E il viaggio finisce solo dove la giustizia non è contemplata, e quando la fame sembra in parte saziata.
Ducceschi parla di una guerra senza vincitori né vinti, ed è esattamente così: bene e male convergono su un’invisibile linea che crea un orizzonte irraggiungibile.

PERSONAGGI
Ducceschi nel corso dei nove episodi usa tutto ciò che si può usare in un horror: fantasmi, vampiri, streghe, diavoli, mostri. E se questo non dovesse bastare, per raccontarceli usa tutti i veicoli che nell’immaginario comune sono legati alla paura: donne misteriose, bambini dallo sguardo triste, barboni dimenticati da tutti, giovani satanisti appassionati di heavy metal, circensi coperti di pelle e mistero, monaci, preti e compagnia.
Ma In questo libro c’è il Diavolo non è affatto un’accozzaglia di stereotipi come potrebbe sembrare. Perché Ducceschi parte da schemi preconfezionati lasciati in eredità da maestri quali Lansdale e King, tanto per fare un paio di nomi, per fare come al solito di testa sua e raccontare quello che maggiormente gli piace raccontare.
È un libro che si beve tutto d’un fiato, dal primo all’ultimo racconto, dove l’horror è quasi un pretesto per toccare tematiche che altrimenti sarebbero difficili da far digerire, sia a un editore che a un lettore: la violenza di Stato, la politica, il sesso, il sociale.
Insomma, in questo libro c’è quel Diavolo del Ducceschi, che come sempre ti fa credere di leggere una cosa, ma in realtà te ne dice un’altra.

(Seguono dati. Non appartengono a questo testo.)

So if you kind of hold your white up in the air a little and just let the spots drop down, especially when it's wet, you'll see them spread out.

PUNTI FORTI vs PUNTI DEBOLI
Non è mai facile recensire una raccolta di racconti. Ed è ancora più complicato recensire una raccolta di racconti horror, dove non puoi dire per paura di dire troppo. Tralascio dunque i dettagli sulle trame, e mi limito a indicare quelli che secondo me sono i punti salienti dello stile.
Gli unici punti deboli che ho riscontrato nello stile dell’autore sono:
- la tendenza a essere un po’ troppo ripetitivo nella descrizione delle ambientazioni e nell’utilizzo di alcune espressioni. C’è una presenza invasiva di buio, puzza, freddo e musica post-punk / rock che non mi è piaciuta granché.
- l’insistenza con cui tende ad avvisare il lettore di quanto sia grosso ciò che sta per accadere. In alcuni racconti si crea un’aspettativa difficile da soddisfare ma soprattutto pesante da sopportare.

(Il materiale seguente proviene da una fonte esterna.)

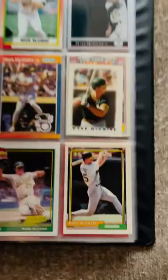Bazooka of McGwire. I'm sliding in the base there — I'm sure he didn't do that a whole lot, he wasn't known for his speed. We've got the mini cards.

I punti forti, al contrario, sono molteplici. Ducceschi conferma uno stile crudo, diretto e a tratti sboccato e irriverente, ma estremamente credibile ed equilibrato. Il linguaggio incalzante e avvolgente, affascinante ma mai lezioso, urbano ma non giovanilistico, zeppo di gergalismi ma mai forzato, riesce a dare un tocco originale anche a storie che in alcuni tratti appaiono riciclate.
Tutti e nove i racconti scorrono senza intoppi e senza perdite di tempo dietro descrizioni superflue o dettagli non necessari, ma non sono mai né scarni né leggeri. Forse solo nell’ultimo c’è qualche leziosità di troppo, una mano un po’ troppo calcata, ma nel complesso un’ottima prova.

I RACCONTI
I più riusciti: IL TATUATORE, perché è pieno di colori, immagini, dolori e risveglia i sensi. BAMBINATE, perché è incredibilmente incasinato ma estremamente semplice e bello da morire. Con poco dice tanto.

I meno riusciti: DUE INFERNI DI GHIACCIO E UNA STELLA DI LUCE BIANCA perché è troppo fantasy. GIOVENTU’ KANNIBALE perché è incredibilmente semplice ma estremamente incasinato. Con tanto dice poco.

Il più incomprensibile: SOTTO PARIGI e chi lo capisce mi faccia il favore di spiegarmelo…

Fatevi un favore: per Natale lasciate fuori casa quel mollaccione di Santa Claus e fate entrare ‘sto diavolo, che forse non vi porterà il solito paio di guanti con sciarpa annessa, ma vi regalerà sicuramente qualcosa di molto interessante.